By MICHAEL STOLERFebruary 21, 2008
As the second month of 2008 comes to an end, members of the real estate community are beginning to accept the fact that the market has seen a price correction. Purchasers of residential rental property in New York City have had to adopt a whole new terminology, with phrases like "all-cash purchaser," "seller financing," "full and limited recourse," "higher debt service coverage," "lower loan to values," and "personal guarantees."
Despite the new rules now in place, investors are actively pursuing ownership of residential rental developments across New York City. With steady and even rising rents, demand is booming for the city's rental apartment buildings, which represent a safe haven for investors weary of uncertainty elsewhere in the real estate market.
"We continue to see strong fundamentals in the New York rental market," the president of Vantage Properties, Neil Rubler, said: "While operating expenses, particularly energy costs, have inflated significantly in the past 24 months, demand for rental units remains strong, with vacancy rates running south of 3% in most neighborhoods." Mr. Rubler added: "On the investment sales side, continued support for the asset class among both balance sheet lenders and financing agencies, like Fannie Mae and Freddie Mac, make both acquisition financing and refinancing far easier than in other asset classes.
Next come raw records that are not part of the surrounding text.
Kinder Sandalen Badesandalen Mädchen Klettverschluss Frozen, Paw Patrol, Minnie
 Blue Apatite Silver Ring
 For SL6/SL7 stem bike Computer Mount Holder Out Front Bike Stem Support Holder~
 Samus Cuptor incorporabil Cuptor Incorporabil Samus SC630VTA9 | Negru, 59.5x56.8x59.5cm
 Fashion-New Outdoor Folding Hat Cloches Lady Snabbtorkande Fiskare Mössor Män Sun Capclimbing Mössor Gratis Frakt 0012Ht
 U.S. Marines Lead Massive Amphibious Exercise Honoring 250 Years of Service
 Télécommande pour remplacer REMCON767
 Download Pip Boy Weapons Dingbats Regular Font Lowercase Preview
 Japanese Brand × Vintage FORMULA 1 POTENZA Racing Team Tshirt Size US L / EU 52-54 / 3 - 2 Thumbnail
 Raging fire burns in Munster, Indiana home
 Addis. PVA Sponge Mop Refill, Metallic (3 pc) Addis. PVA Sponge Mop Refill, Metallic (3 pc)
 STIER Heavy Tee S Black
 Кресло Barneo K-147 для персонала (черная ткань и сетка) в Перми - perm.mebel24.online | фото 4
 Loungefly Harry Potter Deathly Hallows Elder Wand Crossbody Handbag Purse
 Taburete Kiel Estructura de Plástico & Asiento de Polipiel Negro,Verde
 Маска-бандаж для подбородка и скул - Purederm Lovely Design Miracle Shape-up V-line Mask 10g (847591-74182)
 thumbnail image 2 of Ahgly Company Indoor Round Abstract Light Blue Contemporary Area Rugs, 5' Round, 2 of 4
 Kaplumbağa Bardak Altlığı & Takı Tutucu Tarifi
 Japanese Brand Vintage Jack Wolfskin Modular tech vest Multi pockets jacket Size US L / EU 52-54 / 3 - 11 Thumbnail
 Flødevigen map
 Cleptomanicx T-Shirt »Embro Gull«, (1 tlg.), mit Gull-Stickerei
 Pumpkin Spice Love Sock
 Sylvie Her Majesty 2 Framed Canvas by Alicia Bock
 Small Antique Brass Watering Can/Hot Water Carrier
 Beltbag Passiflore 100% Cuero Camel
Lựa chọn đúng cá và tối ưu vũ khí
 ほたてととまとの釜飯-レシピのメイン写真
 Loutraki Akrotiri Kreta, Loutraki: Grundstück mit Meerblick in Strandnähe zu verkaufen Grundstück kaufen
This said, leverage levels are generally in the 65% range versus the 80% and plus range that had been commonplace at this time last year, and spreads are up by several hundred basis points, offsetting lower benchmark pricing, which include Swaps or Treasuries. The net effect is that a buyer's overall cost of capital has significantly increased, and deals are generally being underwritten at levels of between 5% to 15% off of the highs achieved in the second quarter of 2007. Sellers generally have taken a wait-and-see attitude, and many aren't yet willing to accept enough of a price adjustment to make most deals work. This said, New York rental multifamily property remains far more liquid than other real estate categories, and we continue to have a very full pipeline of pending transactions."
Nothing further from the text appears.